Entrusting everything to Him PDF Print E-mail
Friday, 12 September 2014 12:01



The health condition of a member of the family required me to spend several days in the last month or so in a local hospital. It was a time of anxiety for me and for my family, a time of  turning to God for strength, a time of awareness of the love and concern shown by friends through their offerings of prayers and support.

The time spent in the waiting area for “watchers” of patients in the ICU and the OR  was also a time of solidarity with the strangers who were going through the same anxious state as we were.

The hospital has a rule that required the family of patients to give up the hospital room while the patient is in the ICU. This policy freed the room which would have been used only by the “watchers”  even if the regular room were to be paid for while the patient was still in the ICU. This policy was particularly important since room occupancy was very high with so many patients sometimes waiting for hours  for rooms to be vacated. Thus we came to spend several days and nights in the common area provided for “watchers” of patients in the ICU and the occasion allowed us to connect as people who shared a common situation.

For me  it was like having a chance to view vignettes in the videotape of the life of a family. One such family was that of the young soldier, only 23 years old, who was hurt in an ambush in Basilan. He came from an ordinary farming family in Zamboanga del Sur.
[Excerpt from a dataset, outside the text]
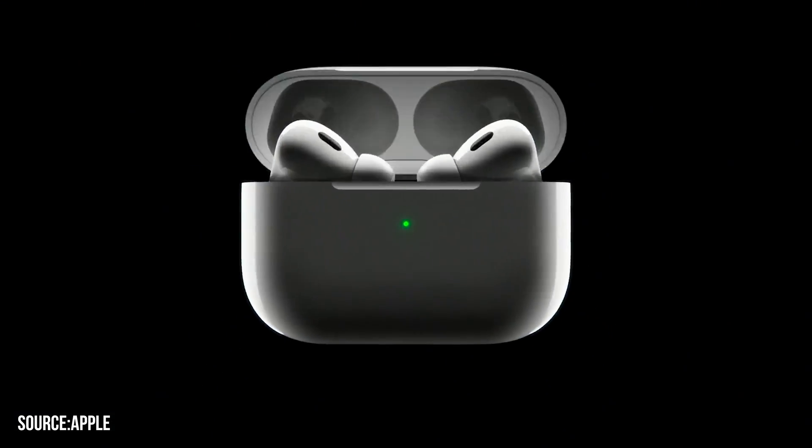Hey guys, welcome back! This is Anshul Sharma, and today in this video we are going to be talking about the best tips and tricks for your AirPods Pro 2nd generation so that you can get the most out of Apple's premium earbuds.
The father told me that his son who was in the ICU and another son joined the army because that was the only way they could make a living and help the family  with their income.  While he worried about the condition of his son who was very seriously wounded in the ambush he said he took comfort knowing that he was being provided all the medical attention he needed. The father said that on their own they would never have been able to afford all the expenses required.

Another family was in the area only for  about two days  and on the 2nd day the patient, the father,  died.  The sadder aspect was that the family was having an internal conflict situation. I learned about the situation since I offered to console a daughter of the patient who had been crying from the time they came into the waiting room. Then the patient’s wife also came in some hours later and in an effort to console her she also confided some of the difficulties in the family. I hope the death of the father  somehow will bring the family together.
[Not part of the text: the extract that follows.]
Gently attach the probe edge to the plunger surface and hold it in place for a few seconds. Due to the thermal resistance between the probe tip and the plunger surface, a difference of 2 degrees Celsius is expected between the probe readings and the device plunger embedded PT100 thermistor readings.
During the several days in the waiting area I came to some realizations  that made those days bearable. I was aware that we were blessed in that the cost of the hospitalization was a concern but would not stop us from providing what was needed. The doctors attending to our patient were competent and professional in their interaction with the patient and with us.  And what was a most consoling realization  was that so many people were offering prayers for our patient to successfully hurdle this medical situation that had been sent. And most of all, that I had found calm and peace in trusting to Him whatever the outcome may be.